"Kenapa kau, Ngga? Kusut kali muka kau?"
Sapaan dari Mayor Inf Pratama Mulya yang usianya jauh lebih senior dari Kalingga membuat Kalingga mendongak mengalihkan perhatiannya dari ponselnya ke arah sosok pria kelahiran Semarang tersebut, tanpa beralih dari kursi kebesaran seorang Komandan Batalyon, Kalingga menatap Wakilnya tersebut sekilas tanpa minat, hatinya tengah berkecamuk dengan banyak perasaan pribadi hingga sebenarnya dia lebih suka di tinggalkan sendiri.
"Ada masalah? Kena tegur apa gimana?" Kembali Pratama melemparkan pertanyaan karena Kalingga tidak kunjung menjawab. Sekali pun di sini Lingga merupakan pemimpin tertinggi, dalam obrolan santai seperti ini Lingga menaruh hormat pada seorang yang lebih tua darinya ini hingga obrolan informal bukan masalah.
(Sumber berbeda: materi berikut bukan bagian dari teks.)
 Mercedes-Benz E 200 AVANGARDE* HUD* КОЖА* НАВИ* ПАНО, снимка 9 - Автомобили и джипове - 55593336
"Biasa, Bang. Masalah rumah." Jawab Lingga pendek, membuat Pratama mengangguk paham, sembari menyesap rokoknya dengan khidmat Pratama menatap pada juniornya tersebut.
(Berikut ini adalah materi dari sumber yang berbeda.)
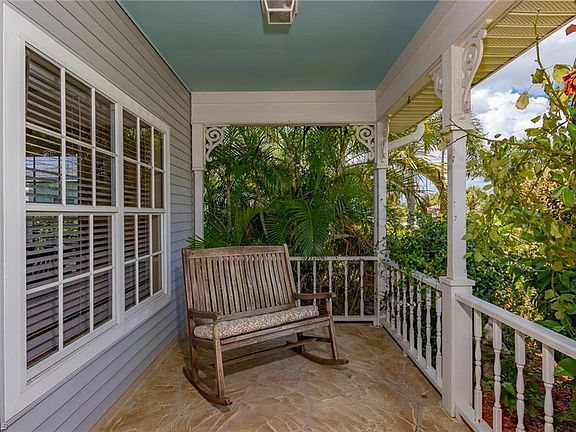 3rd image of 4006 SW 25th Pl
"Alana atau Nadya yang bikin kamu semrawut kayak gini, Ngga?"
Mendengar pertanyaan tersebut membuat Lingga mendongak, terbelalak karena pertanyaan yang Lingga rasa terlalu lancang sekaligus mempermalukannya.
Senyuman mengejek terlihat dari pria berusia 40an tersebut, sudah menjadi rahasia umum jika Pratama adalah Perwira yang sedikit Rebel hingga membuatnya mengalami penundaan kenaikan tingkat satu kali. Namun Kalingga tidak menyangka jika Pratama akan menodongnya dengan nama Nadya seolah dia merupakan peselingkuh seperti yang selalu di tuduhkan Alana.
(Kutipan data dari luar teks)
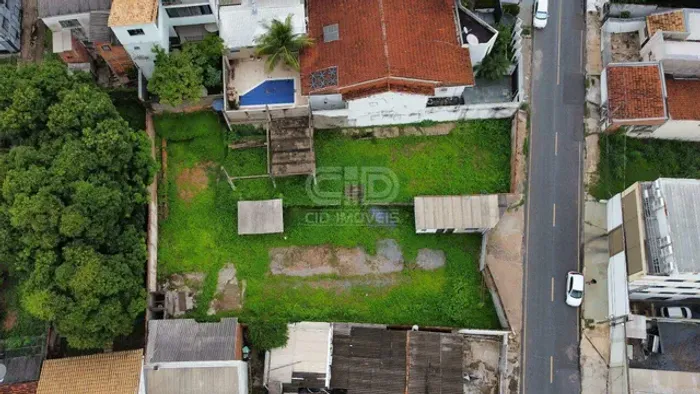 Terreno com mais de 900 m² próximo à Av. Mato Grosso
"Nggak usah syok, Ngga. Kamu ini Danyon, Dharmawan pula, nggak ada yang heran kalau kamu punya dua istri, yang satu yang bisa menunjang karier walau nggak becus punya anak, yang satu pintar ngangetin ranjang. Benar atau benar? Jadi siapa yang bikin kamu mumet, Alana atau Nadya?"
Rasa marah menjalari tubuh Kalingga, sudah berhari-hari ini dia merasakan pusing karena Alana yang tidak pulang ke rumah di tambah dengan berondongan pesan dari Nadya yang bilang kalau Caraka dan Carita mogok tidak mau makan karena ingin bertemu dengannya, sekarang Pratama hadir di hadapannya mengatakan jika dia wajar mempunyai dua istri?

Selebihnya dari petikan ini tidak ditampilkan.